Confirmant cette jurisprudence, la Cour de cassation Française et la Cour d’Appel de Paris martèlent à l’unisson que « utiliser une œuvre artistique à des fins de publicité commerciale change la perception de l’œuvre et ne correspond pas à la finalité qui motive, explique et justifie la divulgation initiale : il faut donc l’accord de l’auteur pour changer ainsi cette destination» ;
Cour, d’Appel de Paris 25 juin 1996, Revue Internationale du Droit d’auteur (RIDA) Janvier 1997, page 337.
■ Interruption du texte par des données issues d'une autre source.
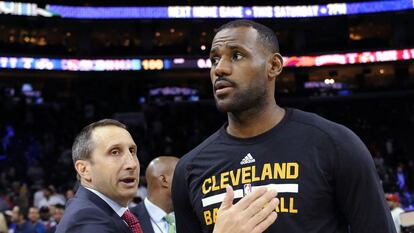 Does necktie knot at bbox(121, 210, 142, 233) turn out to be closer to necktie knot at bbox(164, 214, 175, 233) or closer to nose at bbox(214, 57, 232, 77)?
nose at bbox(214, 57, 232, 77)

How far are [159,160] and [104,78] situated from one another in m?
24.5

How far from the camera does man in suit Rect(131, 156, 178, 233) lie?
14.5 feet

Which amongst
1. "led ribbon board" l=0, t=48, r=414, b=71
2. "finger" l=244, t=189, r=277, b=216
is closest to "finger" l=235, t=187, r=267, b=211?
"finger" l=244, t=189, r=277, b=216

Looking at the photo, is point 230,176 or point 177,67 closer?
point 230,176

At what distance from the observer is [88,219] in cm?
238

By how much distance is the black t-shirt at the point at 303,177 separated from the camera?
72.6 inches

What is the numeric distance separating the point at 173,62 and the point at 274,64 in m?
25.4

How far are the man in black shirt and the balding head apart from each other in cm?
242

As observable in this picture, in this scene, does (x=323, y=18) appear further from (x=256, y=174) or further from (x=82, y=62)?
(x=256, y=174)

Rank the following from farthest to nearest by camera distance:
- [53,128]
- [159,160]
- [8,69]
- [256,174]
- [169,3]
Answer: [169,3] → [8,69] → [53,128] → [159,160] → [256,174]

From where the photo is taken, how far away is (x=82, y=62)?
26.1 metres

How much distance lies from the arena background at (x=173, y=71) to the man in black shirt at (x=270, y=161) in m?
18.8

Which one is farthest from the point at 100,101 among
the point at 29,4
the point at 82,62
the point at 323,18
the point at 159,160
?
the point at 159,160

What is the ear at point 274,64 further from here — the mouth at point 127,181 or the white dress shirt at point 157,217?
the white dress shirt at point 157,217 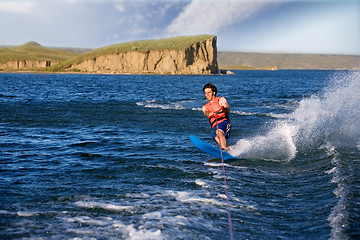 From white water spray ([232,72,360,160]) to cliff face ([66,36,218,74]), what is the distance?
322 ft

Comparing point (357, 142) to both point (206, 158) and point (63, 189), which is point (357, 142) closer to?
point (206, 158)

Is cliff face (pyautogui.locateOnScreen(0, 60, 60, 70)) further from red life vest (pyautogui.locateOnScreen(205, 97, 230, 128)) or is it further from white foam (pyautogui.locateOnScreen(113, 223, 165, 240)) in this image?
white foam (pyautogui.locateOnScreen(113, 223, 165, 240))

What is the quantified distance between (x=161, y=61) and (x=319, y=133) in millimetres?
106436

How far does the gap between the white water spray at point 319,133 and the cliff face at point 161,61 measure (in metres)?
98.3

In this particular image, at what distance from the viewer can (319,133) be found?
1105 centimetres

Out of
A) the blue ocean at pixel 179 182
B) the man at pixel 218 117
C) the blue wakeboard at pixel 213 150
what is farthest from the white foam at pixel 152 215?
the man at pixel 218 117

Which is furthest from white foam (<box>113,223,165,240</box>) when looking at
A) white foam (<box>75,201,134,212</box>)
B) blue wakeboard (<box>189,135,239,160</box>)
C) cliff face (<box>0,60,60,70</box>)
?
cliff face (<box>0,60,60,70</box>)

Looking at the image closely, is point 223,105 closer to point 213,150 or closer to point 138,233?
point 213,150

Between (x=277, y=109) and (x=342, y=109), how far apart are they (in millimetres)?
7366

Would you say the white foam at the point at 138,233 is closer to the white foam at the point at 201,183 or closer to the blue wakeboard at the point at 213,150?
the white foam at the point at 201,183

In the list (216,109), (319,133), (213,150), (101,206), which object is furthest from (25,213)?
(319,133)

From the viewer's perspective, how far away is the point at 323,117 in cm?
1253

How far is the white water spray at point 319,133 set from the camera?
30.4 ft

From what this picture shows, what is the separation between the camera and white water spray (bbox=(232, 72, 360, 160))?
365 inches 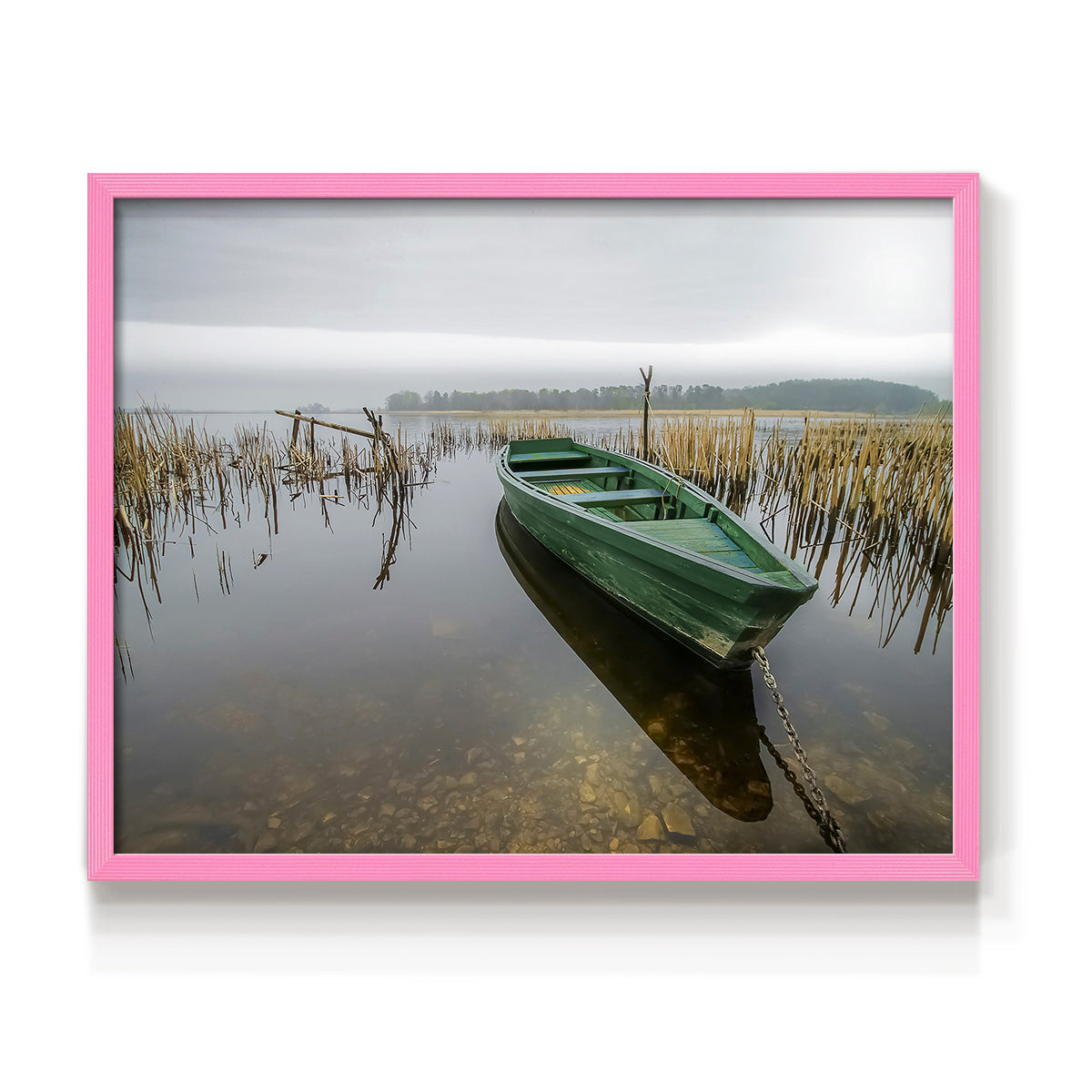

Cour de cassation, 1ere chambre Civile, 28 janvier 2003, Bull Civ 1, n°28, page 23 ; Revue Internationale du Droit d’auteur (RIDA) Avril 2003, Page 415 ; D.2003, page 559.
Cour d’Appel de Paris, 8 septembre 2004, 4ème Ch. Section A, Affaire Société PUBLICIS Conseil contre société GAUMONT
La doctrine et la jurisprudence s’accordent pour dire que « pour qu’une œuvre soit exploitée à des fins publicitaires, elle doit recevoir l’autorisation expresse et écrite de l’artiste, car la synchronisation d’une oeuvre avec un message publicitaire porte atteinte, PAR SA NATURE MEME, au droit moral de l’auteur. Le respect du droit à une œuvre en interdit toute altération qu’elle qu’en soit l’importance. »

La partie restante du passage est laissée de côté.